Mientras la nación se acoge a la reglamentación derivada del Decreto 1609, sobre transporte terrestre y manejo de mercancías peligrosas, el desarrollo agigantado del mercado mundial en este ramo y su repercusión local ponen a prueba nuestra solidez en el tema

Por : Amado Hernandez

transporte desechosLas exigencias de un mercado cada vez más competitivo, la creciente demanda y producción impuestas por el progreso tecnológico que en vez de restar multiplica constantemente el número de productos de esta naturaleza, y la apertura de los países al concertar entre sí tratados para abrir sus fronteras son circunstancias que han dinamizado el comercio de las llamadas ‘Mercancías Peligrosas’ en todo el mundo, imponiendo un elevado reto a cada uno de los eslabones de la cadena del transporte, en especialmente al relacionado con el tráfico terrestre.

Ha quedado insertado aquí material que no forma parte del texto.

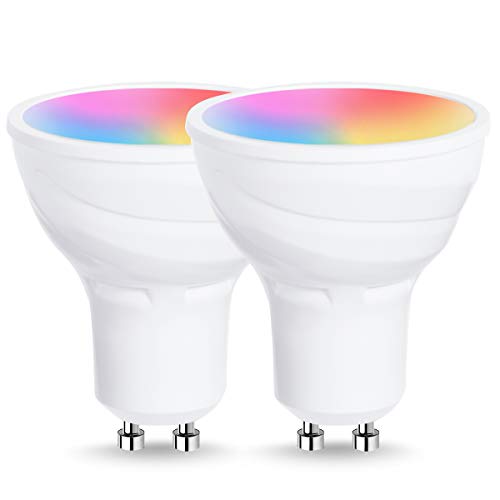 Book Cover GU10 LED Smart Light Bulbs, LOHAS GU10 Color Changing WiFi Light Bulbs, Dimmable Warm White 50W Halogen Bulbs Replacement for Track Light, Works with Alexa, Google Home, Siri (No Hub Required), 2Pack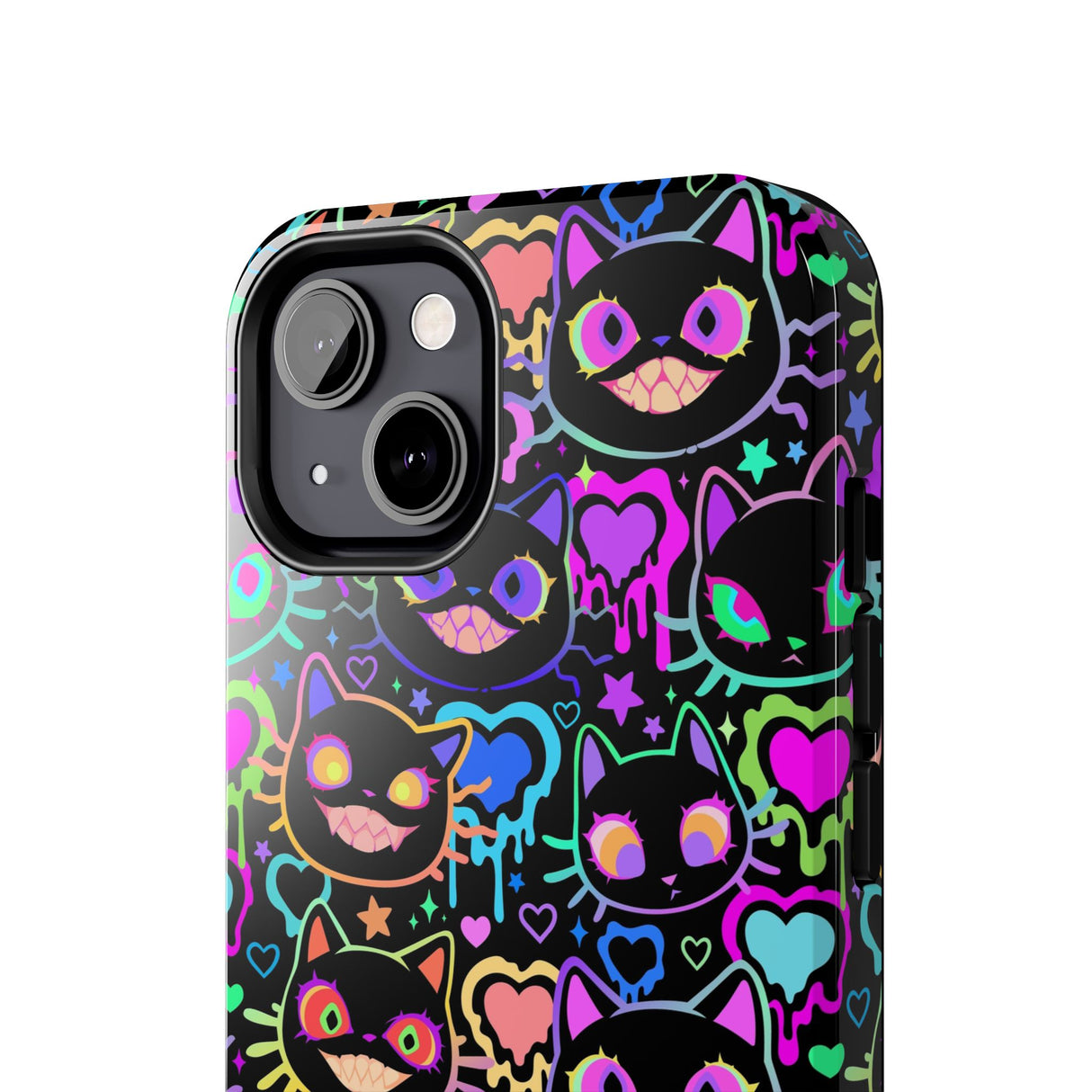 STUBBIE Phone Case for Apple iPhone - Crazy Neon Disco Cats Stubbie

Las mercancías y residuos peligrosos se han ganado una importante porción dentro del mercado de cargas. El 8% del total de las mercancías que se transportan en los países de la Unión Europa, por aire, mar y tierra, se consideran peligrosas según los  últimos estudios, basados en estadísticas del año anterior. El 58% de este tipo de productos se transporta por carretera, más de la mitad del porcentaje con respecto a la cantidad que viaja por tren, equivalente al 25%, o por agua, que es un 17 %. 

Lo que es una realidad en el resto del mundo no es excepción en Colombia, país en el que las cargas peligrosas marcaban una participación del 6,86% del total de las que circulaban  por las carreteras de la nación en 2004. Esto indicaba que de los 117.597.341 toneladas de carga transportada en vehículos, 8.071.482 correspondían a cargas peligrosas, las cuales se discriminaban en productos químicos (3.515.320 toneladas), gasolina (1.779.913), Diesel (1.475.764) y petróleo crudo (1.300.485).

Aunque los análisis más recientes todavía no actualizan estas cifras, la investigación que actualmente dirige el ingeniero Iván Sarmiento Ordosgoitia titulada: “Realidad y flujo de la carga en Colombia”, señala no sólo el incremento del transporte de los productos químicos, una de las gamas principales de las mercancías peligrosas, sino también la preferencia dentro del multimodalismo por el transporte terrestre.  

Este trabajo, que permitirá a través de los modelos obtenidos y la carga plasmada sobre la red vial, fluvial, ferroviaria y aérea vislumbrar el futro y los grandes retos en el sector transporte para el año 2020, muestra cómo los  productos químicos, ubicados en el puesto siete dentro de la tabla de los 32 principales transportados de modo terrestre en el país, es uno de los componentes con más proyección e importancia en el espectro de la economía nacional.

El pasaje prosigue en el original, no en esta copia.